The week in review: Why would anyone get married?
Gay people will soon be able to get married. And to celebrate, Chris Huhne and Vicky Pryce wanted to show them how joyful the experience can be. They were a charming, cerebral couple from England and Greecey. Married for 16 years. He likes the euro and civil liberties, she likes macro-economic policy and fidelity. Alas, it didn't work out. It's as if the traditionalists in the Conservative party engineered a parable of despair to sully a historic victory. Gay couples came blinking into the mainstream, only to discover a patchwork of misery and regret. They should have just watched an episode of Eastenders.
Huhne pleaded guilty to perverting the course of justice at the start of the week. It was a move which took the political world by surprise, given he had spent a year denying it. He stepped down as an MP later that day, triggering a mouth-watering by-election between the Liberal Democrats and the Tories in Eastleigh.
The Lib Dems fired the starting gun on a shotgun contest with a drab Nick Clegg speech no-one covered and the announcement of a February 28th poll date. The modernised Tory party selected Maria 'I don't care about refugees' Hutchings as its candidate.
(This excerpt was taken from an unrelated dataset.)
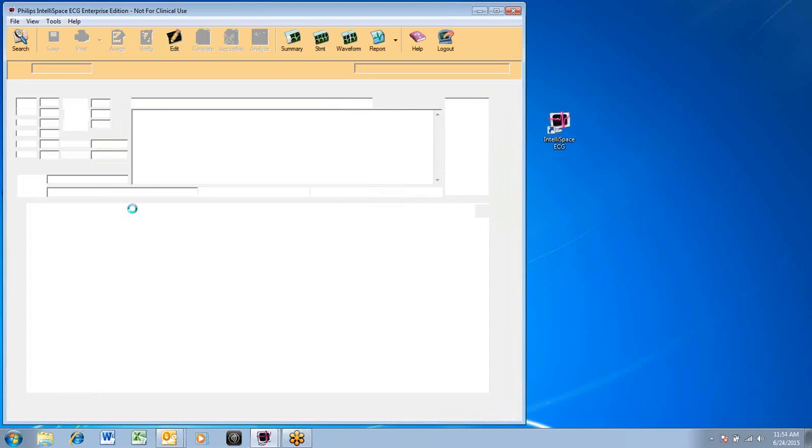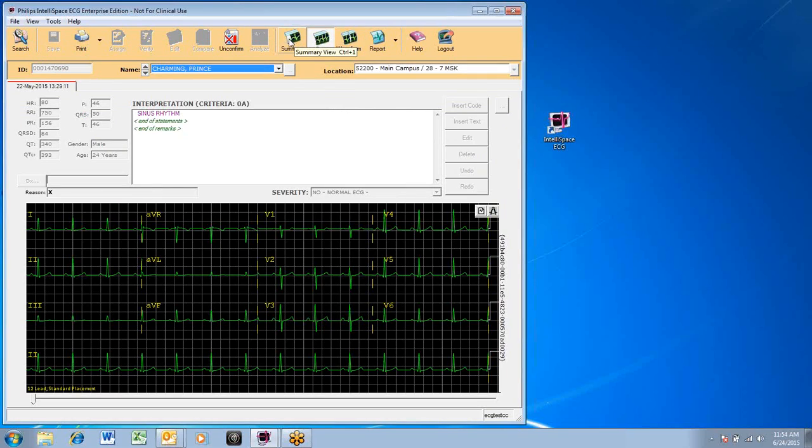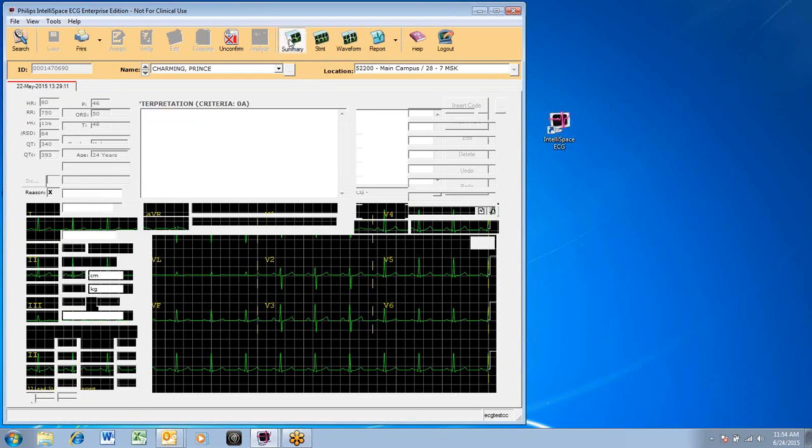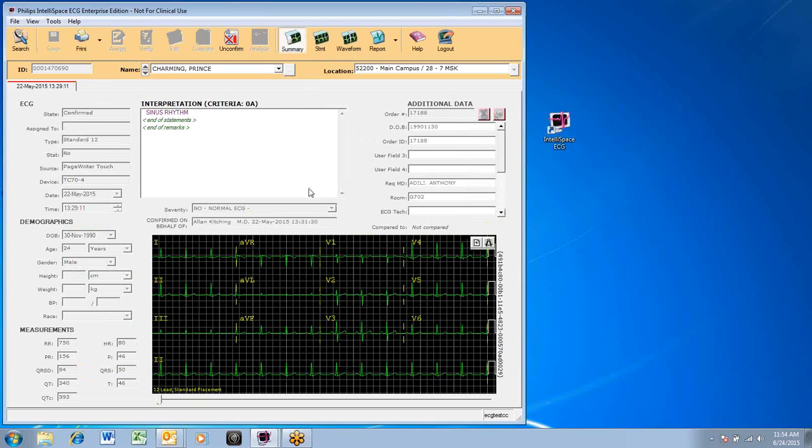There are more navigational buttons on the top of the screen. The summary button displays the patient demographics for the chosen ECG, the confirming cardiologist, the measurements, and interpretation.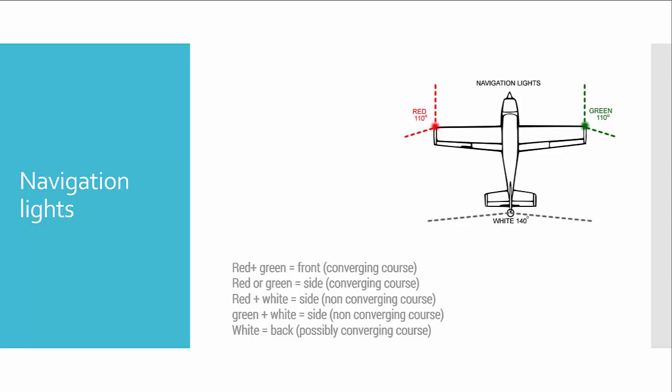Okay, now lights. Because of the angle of visibility of each navigation light, we can understand the position of the aircraft from the point of observation. For example, if we see simultaneously red and green navigation lights, that means that we are in front of this aircraft and we are on a converging course. If we see just only one red light or one green light, that means that we are also on a converging course, but we are placed on the side of this aircraft.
Her track record is impeccable – she managed to boost Huhne's majority by 3,296 last time she ran for the seat.
But back in court, the reality of marriage was still playing out for gay people everywhere to contemplate. Pryce's testimony was particularly awful. Huhne was an absent father, she told jurors. He had pushed her into an abortion she didn't want. Even text messages to his son came out, none of which were well received. It was acutely personal and everyone – bar a handful of online trolls – seemed put off by the whole thing. Huhne's crime was not particularly repellent and the details of his private life were painful. But with all the information coming out in open court, outlets would have been censorious not to publish. Most people who listened to the recorded phone calls between former lovers would have felt grubby and empty afterwards.
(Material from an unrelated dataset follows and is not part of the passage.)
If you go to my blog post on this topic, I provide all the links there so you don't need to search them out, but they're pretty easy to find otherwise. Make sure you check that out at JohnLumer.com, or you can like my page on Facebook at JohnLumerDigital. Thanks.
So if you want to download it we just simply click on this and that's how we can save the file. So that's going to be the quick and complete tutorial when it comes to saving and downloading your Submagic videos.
There was grubbiness and emptiness all round in the Commons as MPs debated the gay marriage bill. Labour and Lib Dem MPs were mostly for it, leaving a motley rabble of Tory and DUP MPs to speak weird nonsense about what constitutes 'complete' sex.
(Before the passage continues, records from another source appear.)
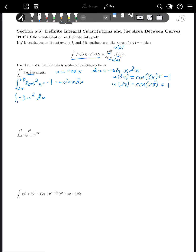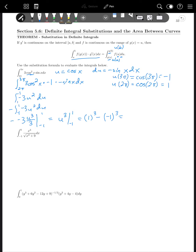So we integrate from -1 to 1 — but that's backwards, so we flip the limits and take the opposite, giving us the integral from -1 to 1 of -3u² du. The antiderivative of u² is u³/3, so -3·u³/3 = -u³, evaluated from -1 to 1. That gives 1³ - (-1)³ = 1 - (-1) = 2, which is our final answer.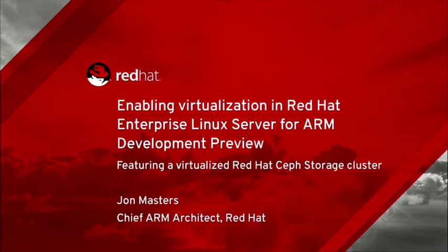Enabling Virtualization in Red Hat Enterprise Linux Server for ARM Development Preview, featuring a virtualized Red Hat SAF Storage Cluster, by John Masters, Chief ARM Architect at Red Hat.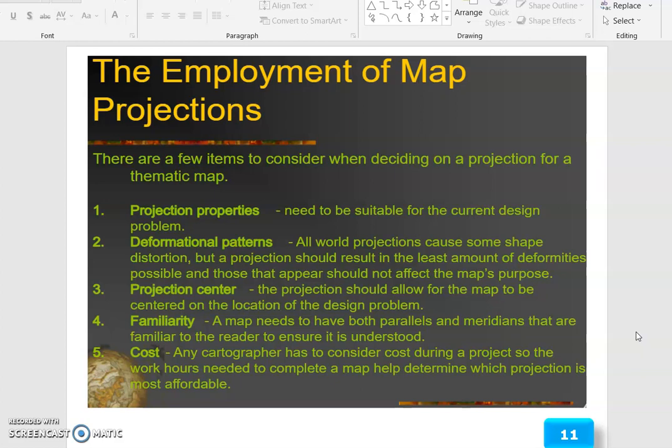Projection center: the projection should allow for the map to be centered on the location of the design problem. Familiarity: a map needs to have both parallels and meridians that are familiar to the reader to ensure it is understood. Cost: any cartographer has to consider cost during a project, as the work hours needed to complete a map help determine which projection is most operable.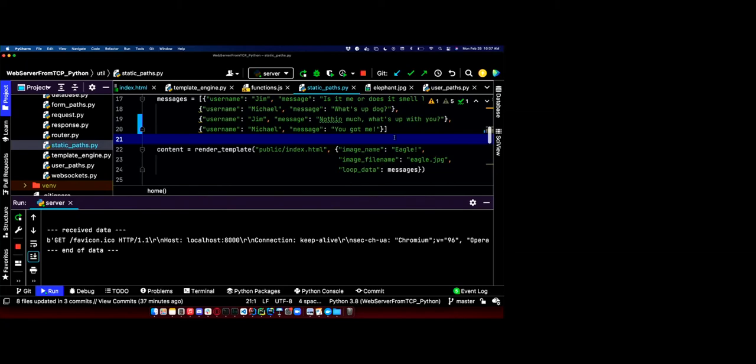Everyone feeling good about template engines? At this point you can do all of objectives one and two — this is the last piece of the puzzle you needed to fully complete objectives one and two on homework two. Nothing else I say will help you on objectives one and two, except maybe buffers for objective two. Once we talk about buffers on Wednesday, you'll be good for objectives two and three.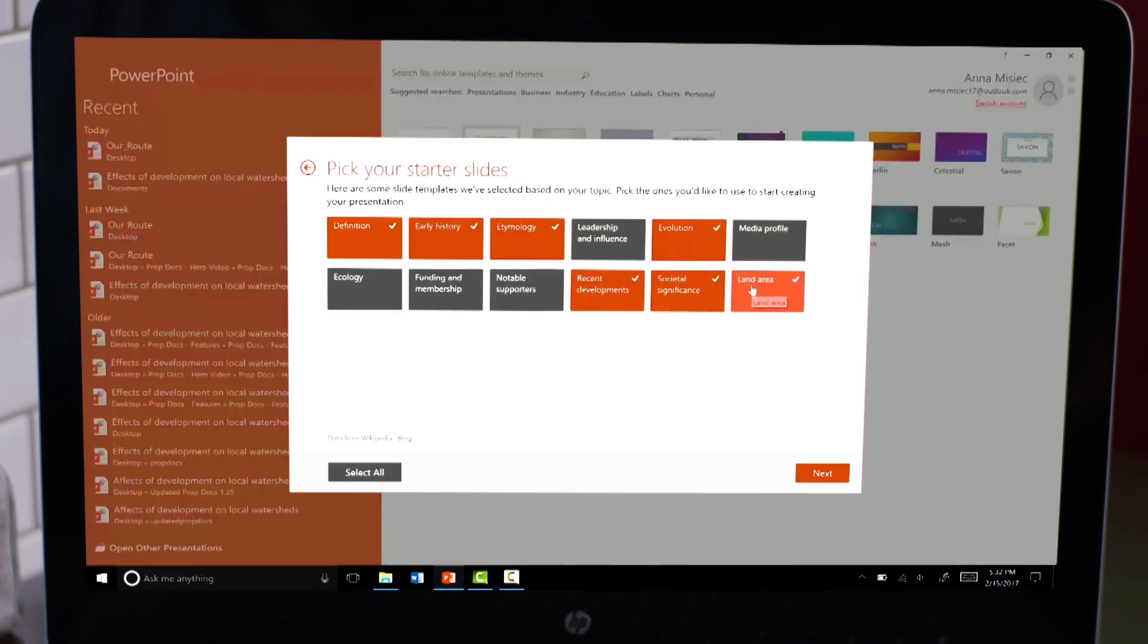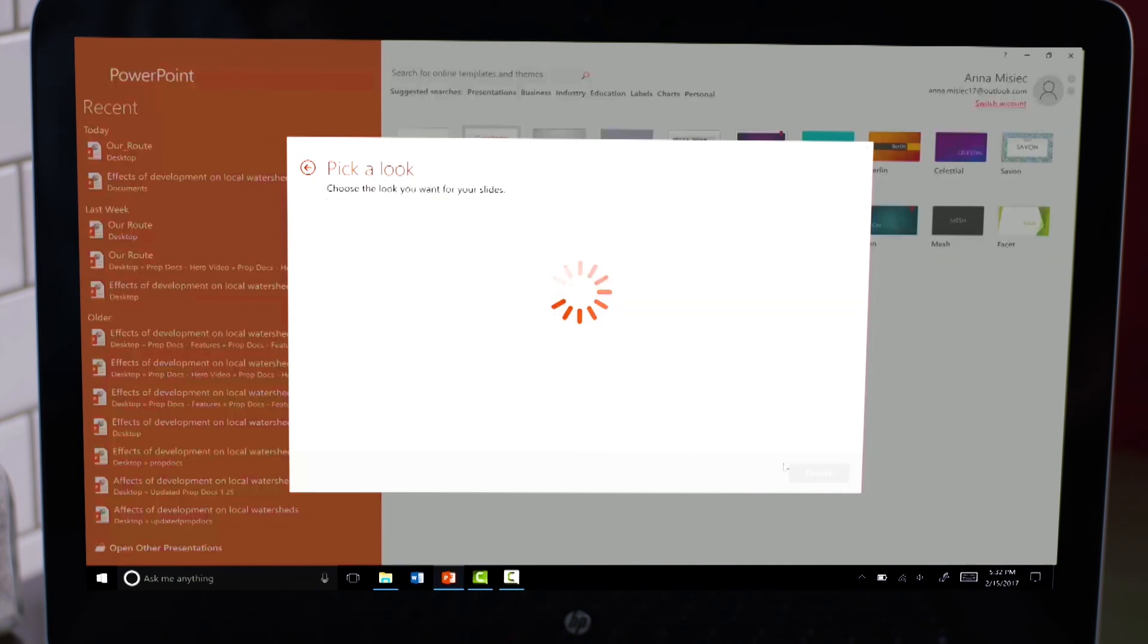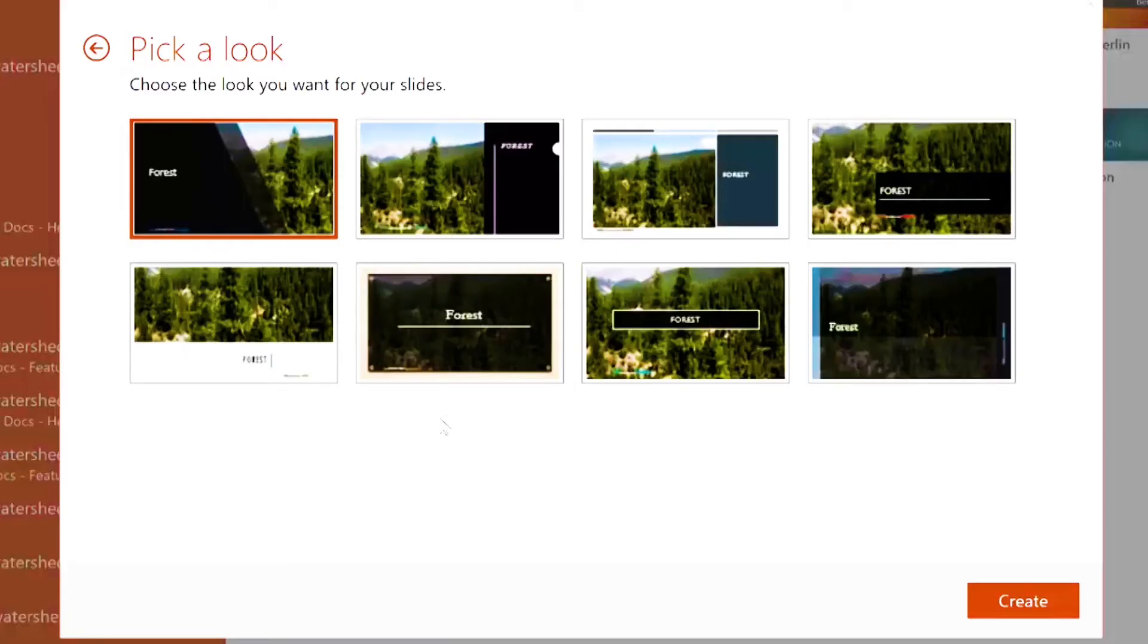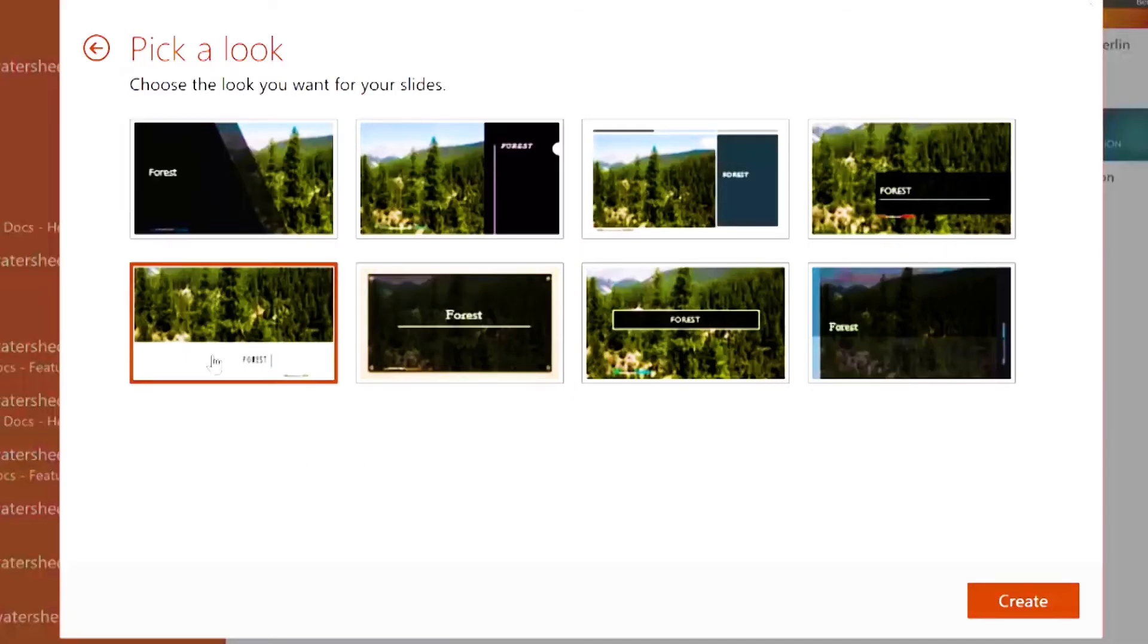Quick Starter gives you a curated outline of possible topics. Choose some topics and click next and in seconds you have starter slides for a full presentation with images.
If Cameron had intended for the proposal to have a positive effect on public perceptions of his party he was quite mistaken. More than half abstained or rejected the bill, leading Ed Miliband to reassure the prime minister that he had "just under half his parliamentary party behind him". The most vocal MPs seemed creaky, old and thoroughly fascinated by what other people got up to in their bedrooms. Everyone thought Cameron was to be commended for the effort, but no-one thought he came out of it well.
Bit like marriage. Gay couples take note.